Data for analysis =>
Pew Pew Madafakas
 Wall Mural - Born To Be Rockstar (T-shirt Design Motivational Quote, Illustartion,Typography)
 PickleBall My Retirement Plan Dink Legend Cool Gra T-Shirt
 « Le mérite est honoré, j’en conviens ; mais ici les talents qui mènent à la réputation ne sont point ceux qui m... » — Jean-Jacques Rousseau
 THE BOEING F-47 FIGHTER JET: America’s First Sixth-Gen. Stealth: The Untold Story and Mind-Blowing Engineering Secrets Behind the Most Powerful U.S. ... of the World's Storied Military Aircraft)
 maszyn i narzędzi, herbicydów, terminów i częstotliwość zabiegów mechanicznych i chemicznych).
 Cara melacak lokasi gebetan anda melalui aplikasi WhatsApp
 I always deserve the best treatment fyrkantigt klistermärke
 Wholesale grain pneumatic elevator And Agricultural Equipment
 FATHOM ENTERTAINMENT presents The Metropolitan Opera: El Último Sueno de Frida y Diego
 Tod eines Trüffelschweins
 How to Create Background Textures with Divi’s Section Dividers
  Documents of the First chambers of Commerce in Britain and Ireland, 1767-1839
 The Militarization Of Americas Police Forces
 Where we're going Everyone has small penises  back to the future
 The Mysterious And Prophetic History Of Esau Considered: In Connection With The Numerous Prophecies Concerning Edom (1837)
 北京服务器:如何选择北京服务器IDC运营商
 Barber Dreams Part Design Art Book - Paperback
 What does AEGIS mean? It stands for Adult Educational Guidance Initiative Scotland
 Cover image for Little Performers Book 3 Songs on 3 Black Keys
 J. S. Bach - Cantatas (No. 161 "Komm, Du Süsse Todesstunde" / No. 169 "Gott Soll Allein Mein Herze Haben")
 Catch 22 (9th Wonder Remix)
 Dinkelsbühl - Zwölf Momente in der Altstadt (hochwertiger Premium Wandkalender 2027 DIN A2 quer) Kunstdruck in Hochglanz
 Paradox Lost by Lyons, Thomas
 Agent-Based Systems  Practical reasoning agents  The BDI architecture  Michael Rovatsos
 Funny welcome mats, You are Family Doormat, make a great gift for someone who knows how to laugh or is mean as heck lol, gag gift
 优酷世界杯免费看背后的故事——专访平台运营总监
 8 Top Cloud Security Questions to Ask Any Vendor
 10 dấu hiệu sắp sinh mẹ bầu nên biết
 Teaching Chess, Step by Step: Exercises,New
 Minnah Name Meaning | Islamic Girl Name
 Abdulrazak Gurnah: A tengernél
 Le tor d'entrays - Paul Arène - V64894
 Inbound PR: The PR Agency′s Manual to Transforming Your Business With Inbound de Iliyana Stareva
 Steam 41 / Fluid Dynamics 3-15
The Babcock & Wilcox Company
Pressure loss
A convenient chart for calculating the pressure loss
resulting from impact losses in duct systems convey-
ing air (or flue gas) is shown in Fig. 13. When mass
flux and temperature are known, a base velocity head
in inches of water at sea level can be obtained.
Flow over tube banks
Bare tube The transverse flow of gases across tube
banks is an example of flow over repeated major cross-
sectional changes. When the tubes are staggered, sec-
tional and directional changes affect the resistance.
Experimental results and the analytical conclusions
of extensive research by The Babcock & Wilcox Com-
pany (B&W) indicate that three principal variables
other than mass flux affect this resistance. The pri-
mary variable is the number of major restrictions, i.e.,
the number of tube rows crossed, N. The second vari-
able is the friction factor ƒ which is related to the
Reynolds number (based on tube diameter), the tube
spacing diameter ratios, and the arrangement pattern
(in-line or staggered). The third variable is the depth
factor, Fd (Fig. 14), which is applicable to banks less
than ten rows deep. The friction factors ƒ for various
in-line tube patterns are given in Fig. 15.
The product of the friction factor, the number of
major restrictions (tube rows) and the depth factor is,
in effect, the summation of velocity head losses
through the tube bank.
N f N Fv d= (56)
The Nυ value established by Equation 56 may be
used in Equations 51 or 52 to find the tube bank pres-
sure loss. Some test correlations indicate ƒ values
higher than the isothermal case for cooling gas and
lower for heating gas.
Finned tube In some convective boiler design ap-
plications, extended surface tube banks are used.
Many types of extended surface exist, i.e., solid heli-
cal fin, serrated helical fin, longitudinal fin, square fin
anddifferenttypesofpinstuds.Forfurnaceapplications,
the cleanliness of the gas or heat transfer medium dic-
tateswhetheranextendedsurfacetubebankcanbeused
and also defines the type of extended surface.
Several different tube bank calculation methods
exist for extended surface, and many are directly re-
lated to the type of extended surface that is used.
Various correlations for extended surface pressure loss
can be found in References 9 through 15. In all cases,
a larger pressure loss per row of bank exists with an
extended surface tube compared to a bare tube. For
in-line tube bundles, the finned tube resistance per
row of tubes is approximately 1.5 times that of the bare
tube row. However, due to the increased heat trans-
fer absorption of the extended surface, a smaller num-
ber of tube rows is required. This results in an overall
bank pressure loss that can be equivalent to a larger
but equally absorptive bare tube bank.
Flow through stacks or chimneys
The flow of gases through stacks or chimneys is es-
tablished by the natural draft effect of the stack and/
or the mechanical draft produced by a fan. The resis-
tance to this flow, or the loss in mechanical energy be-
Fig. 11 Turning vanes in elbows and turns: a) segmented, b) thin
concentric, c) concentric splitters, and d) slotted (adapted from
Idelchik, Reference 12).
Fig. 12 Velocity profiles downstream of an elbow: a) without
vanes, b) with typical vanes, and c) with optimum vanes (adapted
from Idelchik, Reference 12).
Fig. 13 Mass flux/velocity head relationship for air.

Exercise objective => What is needed is one number, the count of lines in the listing above that contain the word "adapted".

Solution for this task => 2